Section 2. Duties and Powers of the Directors
- A meeting of the Directors may be called by the President, a Vice-President, or any Director, by written notice given at least 10 days before the date of such meeting, to each Director, by mail, e-mail or personal phone call, at his address as it appears on the records of the Association. Notice of the time, place and purpose of any such meeting may be waived in writing, either before or after the holding of such meeting, by any Director. Such waiver shall be filed with or entered upon the records of such meeting. The attendance of any Director at any meeting of the Directors without protesting, prior to the commencement of the meeting, the lack of proper notice shall be deemed to be a waiver of such notice of such meeting.
- (6) Directors shall constitute a quorum for a meeting of Directors. A majority of Directors in office shall constitute a quorum for filling a vacancy in the authorized number of Directors or in the officers of the Association.
- The Directors shall hold any money or property from time to time received by them. Such money or property shall, together with the income, and the gains and profits arising therefrom, be turned over to the Association. The Directors shall be responsible only for such money or property as shall actually be received by them as Directors here under. It shall not be the duty of the Directors to collect any sum, but they shall receive and hold as Director hereunder such money and property paid over to them from time to time by contributors to the Association.

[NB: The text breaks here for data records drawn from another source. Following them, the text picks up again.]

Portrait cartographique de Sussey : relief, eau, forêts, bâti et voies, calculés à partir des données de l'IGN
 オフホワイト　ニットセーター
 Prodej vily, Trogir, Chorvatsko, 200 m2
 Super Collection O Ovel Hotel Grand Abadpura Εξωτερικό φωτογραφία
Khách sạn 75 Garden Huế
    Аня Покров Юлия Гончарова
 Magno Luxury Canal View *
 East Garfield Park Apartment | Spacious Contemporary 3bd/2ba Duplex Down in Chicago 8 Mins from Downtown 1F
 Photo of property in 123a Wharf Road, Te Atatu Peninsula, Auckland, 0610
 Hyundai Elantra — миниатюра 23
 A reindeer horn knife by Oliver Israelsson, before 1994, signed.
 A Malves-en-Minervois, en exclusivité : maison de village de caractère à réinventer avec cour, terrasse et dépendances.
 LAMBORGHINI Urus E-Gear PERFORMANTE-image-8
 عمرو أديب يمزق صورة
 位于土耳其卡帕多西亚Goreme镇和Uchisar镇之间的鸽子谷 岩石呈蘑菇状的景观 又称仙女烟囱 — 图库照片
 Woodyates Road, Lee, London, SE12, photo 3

- The Directors may consult with legal counsel with respect to the meaning or construction of the Bylaws regulations the articles of incorporation of this association, action, proceeding, or question of law. The Directors shall be fully protected with respect to any action taken or omitted by them in good faith pursuant to the advice of such counsel.
- The Directors shall use ordinary care and reasonable diligence in the exercise of their powers and the performance of their duties as Directors hereunder. The Directors shall not be held accountable for any mistake of judgment or other action taken in good faith, or for any loss, unless resulting from their own negligence or misconduct. The Directors shall not be held accountable for any loss sustained by the LELA Association by reason of purchase, retention, sale or exchange of any investment by the trustees in good faith and in accordance with the bylaws of this Association.
- The Directors shall deduct from and charge against the LELA Association any taxes which may be imposed upon the Association or the income or gains and profits therefrom, which this corporation is required to pay.
- The Directors shall keep full accounts of all their receipts and disbursements. The books and records of this corporation shall be open to inspection by the Directors at all times.
ARTICLE VII COMMITTEES
The standing committees shall be Budget, Legislative and Vision. Ad Hoc committees will be created as needed.
ARTICLE VIII FISCAL YEAR
The fiscal year of this corporation shall end on the 31st day of December in each year, or such other day as may be fixed from time to time by the Board of Trustees.
ARTICLE IX PARLIAMENTARY AUTHORITY
The rules contained in the current edition of Robert’s Rules of Order Newly Revised shall govern the Association in all cases to which they are applicable and in which they are not inconsistent with these bylaws and any special rules of order the Association may adopt.
ARTICLE X DISSOLUTION
Upon the dissolution or winding up of affairs of this Association, the Board of Directors, after providing the payment of all obligations, shall distribute any remaining assets to any other non-profit tax exempt organization.
ARTICLE XI AMENDMENT OF BYLAWS
These bylaws may be amended at any regular meeting of the Board of Directors of LELA by a two-thirds vote, provided that the amendment has been submitted in writing at the previous regular meeting or has been sent to each member at least 10 days prior to the meeting at which it will be considered.